When you have lived in a property but only your spouse is on title, Dower rights apply. For example, your spouse bought the property some years ago. A few years later you meet, you get married and you move into the house. Dower rights apply when both lived in the property since their marriage. If the spouse never lived in the property, Dower does not apply. Dower rights only apply when you are married, not when you live in a common-law relationship or if you are divorced.

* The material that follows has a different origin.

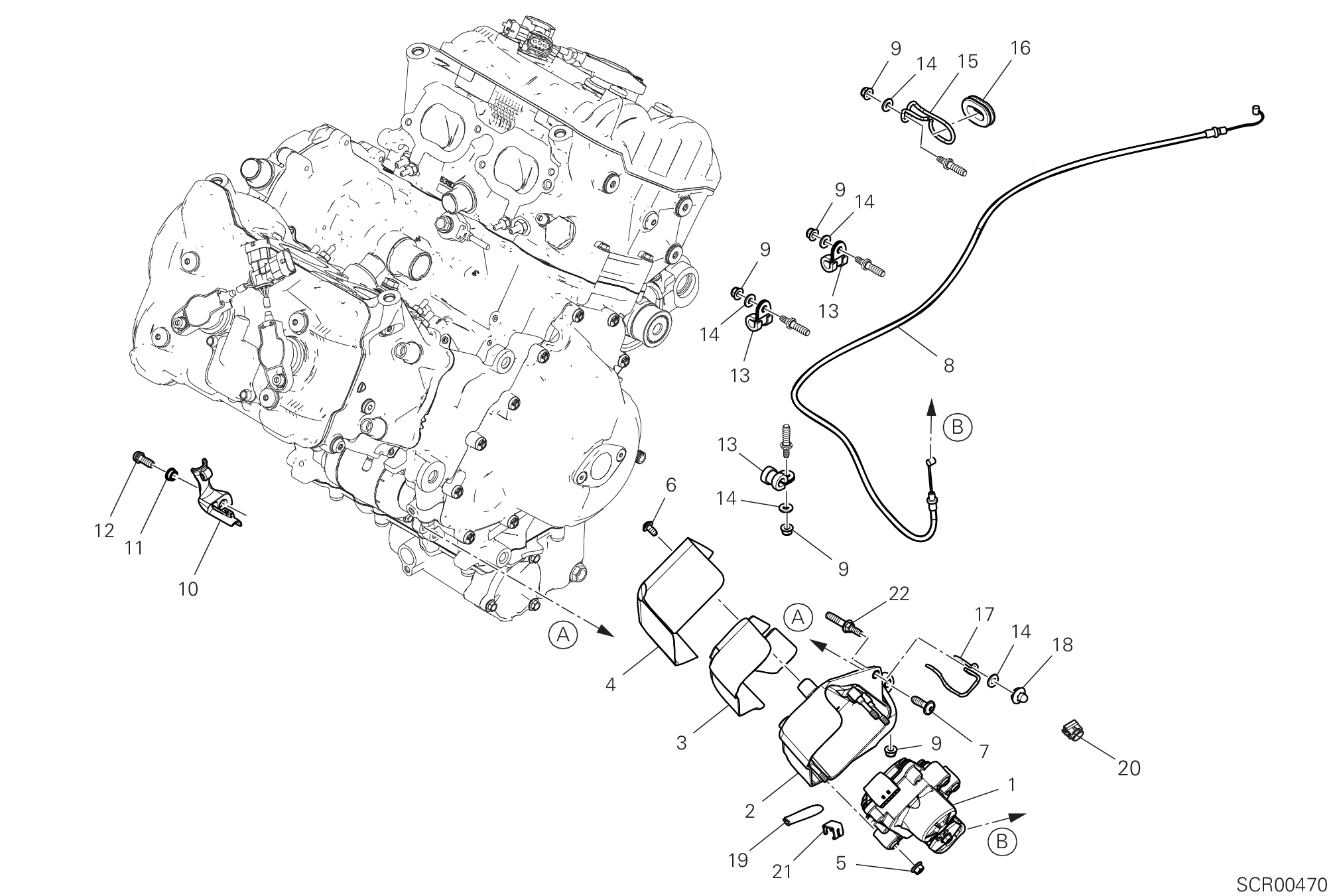 Moteur électrique soupape échappement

Dower rights only apply when you are married, not when you live in a common-law relationship
Let’s look at this issue in practice. You buy a house from a married couple and only one owner is on the title. The owner on title signs all the documents to sell. Two weeks before possession, you (as the buyer) go to your lawyer to finalize the paperwork. Then it appears that the owner is married and it turns out that the spouse is not on title. But because the spouse also lives, or has lived, in the house, the spouse is allowed to refuse the sale of the house. In other words, you as the buyer can’t buy the house. The spouse who is not on title must sign an affidavit that he or she agrees to sell the property.
This is all laid out in point 7 of the contract (Sept. 2016 contract from the Alberta Real Estate Association):
The seller represents and warrants to the buyer that no spouse has dower rights in the Property, other than as shown by:
(a) the non-owner spouse’s signature on this contract; and
(b) the seller providing a completed Dower Consent and Acknowledgment form to be attached to and form part of this contract on or before ___________________________________, 20_______.
If the seller fails to provide the completed Dower Consent and Acknowledgment form, the buyer may void this contract at the buyer’s option by giving the seller written notice.
The spouse who is not on title must sign an affidavit that he or she agrees to sell the property
A buying agent cannot take for granted that the selling agent has asked the right questions and should ensure this by asking the selling agent if Dower rights apply. First, a buying agent should pull title (just as the selling agent should pull title) to see whose names are on title. If there is only one name on title of the house, it should be confirmed if the seller is married. If the answer is yes, the seller is married and the spouse also resided in the property, then Dower rights apply. The other half of the married couple must fill out an affidavit and confirm and allow the sale of the house.
For a selling realtor, it is important to ask the right questions while filling out the sales contract. The worst case scenario is that everything is signed and at closing it appears that the seller on title was not allowed to sell because the spouse didn’t give consent and is not planning on doing so.
The Alberta Queen’s Printer has published more than 20 pages with the details on the Dower act.
The above is general information only. It is not meant to be legal advice. Always seek council if you have questions.